壁取り付けは思いのほか簡単だが、日本の住宅だとオプションの取り付け金具はかなり重要。設置場所も事前にしっかりと考えたい

冒頭にも述べたどおり、「Echo Show 15」は壁へ取り付けて利用することを前提にした、これまでにないコンセプトのスマートディスプレイだ。

パッケージの中には、「Echo Show 15」本体のほか、電源アダプター、壁掛け金具、マニュアル冊子などが同梱されている。画面サイズが15.6型、重さ2.2kgもある本体を支えるため、付属の壁掛け金具はボードアンカーを使ってネジで固定するかなりごついものだ。壁掛け金具は一度取り付けてしまうと場所を変えることが難しいので、パッケージに付属するネジ穴ガイドが書かれた用紙を貼り付け、慎重に取り付けていこう。

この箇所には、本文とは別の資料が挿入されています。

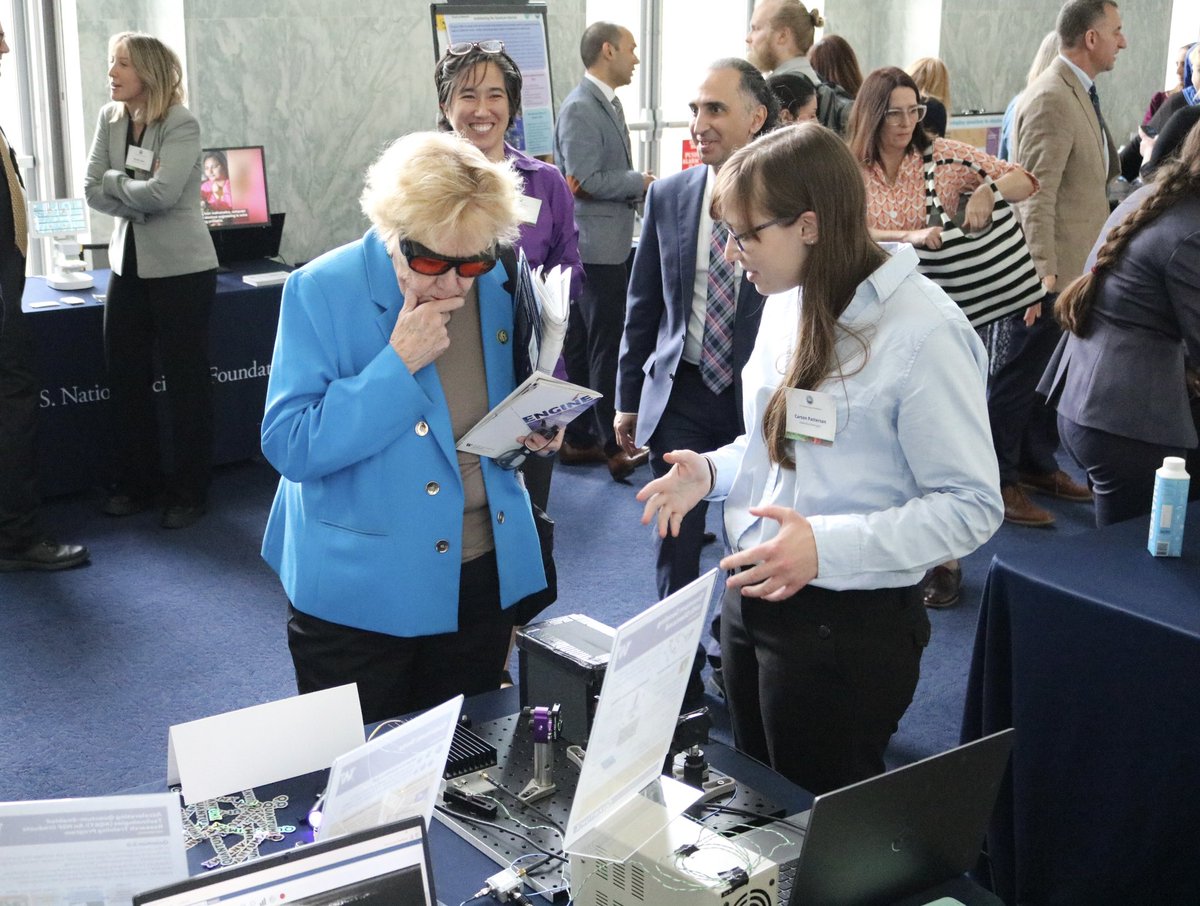 Today @RepZoeLofgren joined @NSFDrPanch, @RepFrankLucas, @RepHaleyStevens, quantum students, researchers, & educators at @NSF's Quantum Research Showcase where experts demonstrated and highlighted the incredible fruits of federal investment in quantum science.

Amazon「Echo Show 15」のパッケージ

Amazon「Echo Show 15」のパッケージ

パッケージ内には「Echo Show 15」の本体のほか、電源アダプターや壁掛け金具が入っている

パッケージ内には「Echo Show 15」の本体のほか、電源アダプターや壁掛け金具が入っている

「Echo Show 15」の大きさがわかるように、B4サイズのスケッチブックと並べてみたところ。重さは2.2kgとそれなりに重量感がある

「Echo Show 15」の大きさがわかるように、B4サイズのスケッチブックと並べてみたところ。重さは2.2kgとそれなりに重量感がある

壁掛けに使用する付属の取り付け金具。重量のある本体をしっかりと壁に固定するため、壁掛け金具はボードアンカーを使ってネジで固定する形。ちなみに、壁掛け金具は横画面・縦画面両対応。ネジ穴ガイドが書かれた用紙も付属するが、水平器はついてこないので別途準備しておきたい

壁掛けに使用する付属の取り付け金具。重量のある本体をしっかりと壁に固定するため、壁掛け金具はボードアンカーを使ってネジで固定する形。ちなみに、壁掛け金具は横画面・縦画面両対応。ネジ穴ガイドが書かれた用紙も付属するが、水平器はついてこないので別途準備しておきたい

ただ、ここで注意しておきたいことは、この付属の壁掛け金具だと下地ボードに確実に穴が空いてしまうということ。日本の住宅事情、特に賃貸で原状復帰が求められる場合は、付属の壁掛け金具は完全にアウトだ。この問題を回避するために、日本市場では石こうボードに専用ホッチキス針で簡単に固定できる若林製作所の「壁美人」とタッグを組んだ専用固定金具が用意されている。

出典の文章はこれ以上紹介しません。